We have been home from the CRM for nineteen years, and we are beginning to see some of your sons, and perhaps daughters serve missions.  That really makes us feel old! And as you can see we are getting old.  We are hobbled with mobility and stability issues. But we fight back trying to stay physically active. It is an honor to speak to you tonight.  I will be fairly brief.(1) I’ve picked just one thing to share, which I hope will be enlightening, edifying, and motivating to you. 

Some of you have heard me quote the great football coach, Vince Lombardi who said, “Excellence is achieved by the mastery of fundamentals.”(2) I would like to address a fundamental of our religion with you.  As I’ve reflected back on the things I’ve learned that I could have done better as a mission president,  one stands out from the perspective of nearly 20 years. I wish I would have taught you more about spirituality and it’s very foundation--prayer. It was a serious omission, and I’m in repentance mode. Tonight is my attempt at rectifying a bit of that omission. 

First, and this is no surprise to anyone, but prayer is a commandment. Our Heavenly Father not only invites us to “come to him” and to call upon him, he actually commands it and many scriptures attest to this.(3) Some of our leaders have called attention to the likelihood that the commandment to pray may be the most frequently repeated commandment found in the scripture.(4) I emphasize, however, He doesn’t just command us to pray. All that God does for us is because he loves us, especially his commandments.(5) Our Savior atoned for us because he loves us.(6) As mediator and advocate, out of love he authorizes us to use his name to call upon our Father, and out of love he teaches us how to do it. When we exercise our agency to keep this commandment, it gives him the opportunity to guide, protect, deliver, strengthen, comfort, help, build, and lift us back into God’s presence.

I emphasize this point in order to ask you a rhetorical question. But first, some background. Lots of anecdotal evidence suggest the Latter-day Saints, including leaders, could be more dedicated to communing with our Father in Heaven. President Spencer W. Kimball was particularly concerned with this. As an apostle he interviewed hosts of prospective missionaries (in my day they did that), and many leaders in stakes and wards. He was “shocked”(7) by what he found when he inquired into their prayer habits, personal and family.  So, here is my question: If President Kimball was your bishop or stake president interviewing you for a temple recommend and he asked you if you strived to keep the commandments, you as most of us usually do, would say “Yes, I strive to keep them.” But, what if he then said, “Lets talk about one of those commandments which is vital to your spirituality.  How well do you keep the commandment to pray?” Would your answer add to President Kimball’s  shock? Or, would it bring a smile to his face? I must stress, when you really think about it, what an amazing privilege it is to be invited–nay, commanded–to stay in regular communion with Almighty God– as our Father.(8)

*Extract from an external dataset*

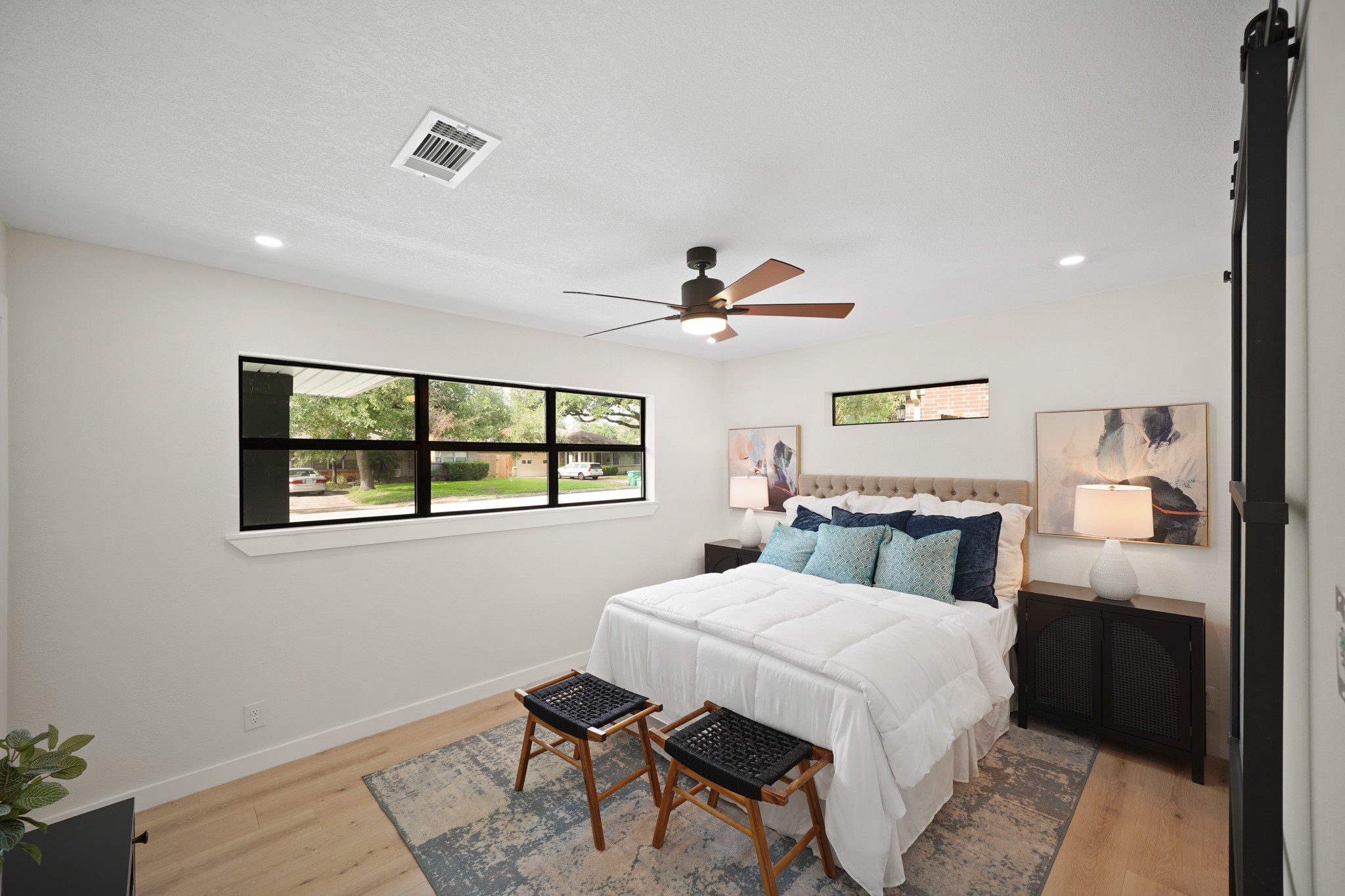 4813 Hummingbird Street Houston, TX 77035 - Photo 13 of 50 The Primary Bedroom (North Wing) features Wide Plank White Oak Hued Engineered Floors, Contemporary Style Onyx Hued Ceiling Fan with Wood Blades and Light, and Side by Side Windows that view the Landscaped Front Yard.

Improving our communication with God is my theme and second principle. I know of two talks about prayer which have the word “improve” in their title--one from a prophet, the other from an apostle.(9)  Moreover, Elder Neal A. Maxwell, wrote: “Yet, given the times in which we live, improving our prayers should be one of our deepest desires if we are genuinely serious about growing spiritually.”(10) President Ezra Taft Benson pled, to “conscientiously strive to improve our communication with Him is my earnest plea....”(11)

In the spirit of improving my prayers as I prepare for my final exam, I have prepared this collection.  (Show the binder.) It contains many of the approximately 150 talks and articles about prayer I have tracked down in the last few years. It also contains some of my outlines, notes, and especially collections of quotations–for my frequent review to refresh my ever weakening memory.

Beloved missionaries and families, I cannot tell you how spending ½ an hour a day over an extended time in studying scriptures and these talks and articles, has taught me about prayer. It is becoming one of the great intellectual and spiritual odysseys of my life. As I have exercised my agency to daily ask the Lord to teach me how to pray,(12) to help me improve my prayers, to teach me how to pray in faith(13) how to pray mightily,(14) fervently and efficaciously,(15) with all the energy of my heart,(16) and to guide me to sources and resources so I can do my part to educate myself, I have learned something I want to share with you about improving your prayers. 

If you will be humble enough to hear it, I will be courageous and bold enough to say it. Unless you have undertaken such a study of prayer and engaged in a sustained effort to improve your prayers, there is very likely much more you do not know about prayer than what you do know.  I do not say this in the spirit of talking down to you. I do it with the desire to motivate and uplift, because this statement grew out of my own experience. I have learned much more about prayer since beginning this project than I knew about prayer before starting it. And the process continues almost on a daily basis.  

In early September I came across two interesting examples of improving prayer. Some of you may know that B. H. Roberts is one of my Mormon heroes, so I was excited to learn that he once said that he considered it was his highest achievement, after a lifelong period of association with the Lord, that he had learned how to pray.(17) The same day I found this statement in the April 1974 General Conference, by Apostle Marvin J. Ashton about President Spencer W. Kimball.  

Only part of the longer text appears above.